I went to a place in Gympie and looked at a few but what has me a bit puzzled is that they tell me that with our cathedral ceiling in the living/dining area and 2.7 metre ceiling in the rest of the house, that I should not get the fan forced convection type as all the heat will accumulate in the high part of the room. 
What I can't understand is that the fan forced should be any worse than the radiant.  Surely hot air rises no matter where it comes from.   And the cathedral area will have a 2.4metre fan which is reversible.  That should take care of air circulation. 
Can anyone explain to me why I should only get a radiant heater?   Why not choose from either type. 
Thanks for any assistance. 
Waz

----------


## Uncle Bob

I didn't know there was two different types.

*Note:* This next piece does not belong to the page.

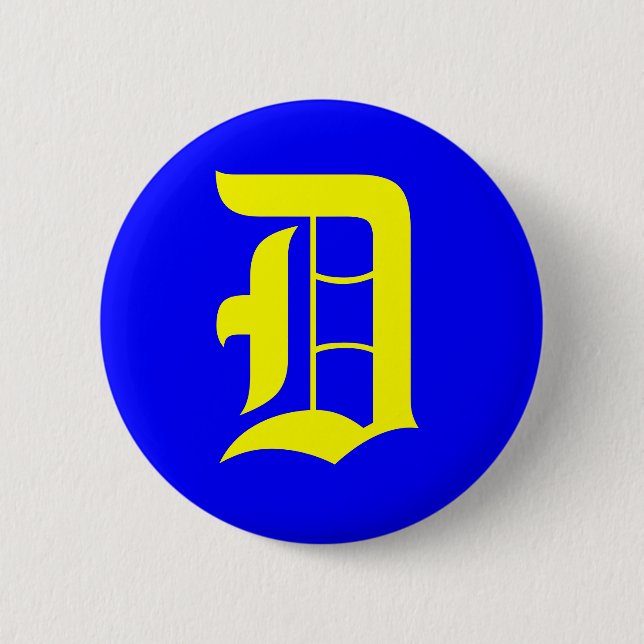 D - OLD ENGLISH BUTTON (Front)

But if you have ceiling fans this shouldn't be an issue anyway.
Anyway a radiant heater attempts to give off it's heat energy in light or near visible light (infra-red). 
A convection heater uses the principal of heat rises. Panel heaters are a form of convection heating.
I think as long has it has plenty of glass on it and if possible three sides, then you will feel the warmth by radiance.

----------


## David.Elliott

We have a fan forced wood heater, and AFAIK the fan assists by pushing the heat out further before rising. We can definitely feel the difference...with the fan off or on...

----------


## toooldforthis

my (limited) & fundamental understanding is the radiant are single skin and the convection are double skin or baffled - or to that effect
so the radiant metal heats up and radiates the heat.
the convection inside skin heats and the air is circulated between the skins via convection currents.
therefore the radiant heaters are a bit more hot to the touch and the safety aspect of that. Or the radiant heater is more of a hot spot and the convection heat more subtle. 
some use electric fans to force the convection tho I have had some that just use the double skin.
I had a fan one in another place and it was good at circulating the heat.
at the moment I have a small double skin, a Warmray, and it puts out a nice warmth. 
I have always used ceiling fans in conjunction with the wood heaters and they make a significant impact. 
I would use a convection in preference to a radiant as I suspect they burn the fuel more efficiently as well. 
anyway that is my experience. I could talkin out my ass.

----------


## Uncle Bob

> anyway that is my experience.

  Sounds pretty good to me TOFT

----------


## Waznme

Thanks for the input.   Not a lot wiser.   Still not sure what I will get.   Still not convinced it makes much difference.  I have a few months to decide.

----------


## webtubbs

Radiant heaters warm you directly by radiating heat. Convection heaters warm and circulate the air which then warms you. As hot air rises, a convection heater has to warm the air from the top down which will take a while (unless you use a ceiling fan to push and circulate it back down). You will feel the warmth from a radiant heater much sooner.

----------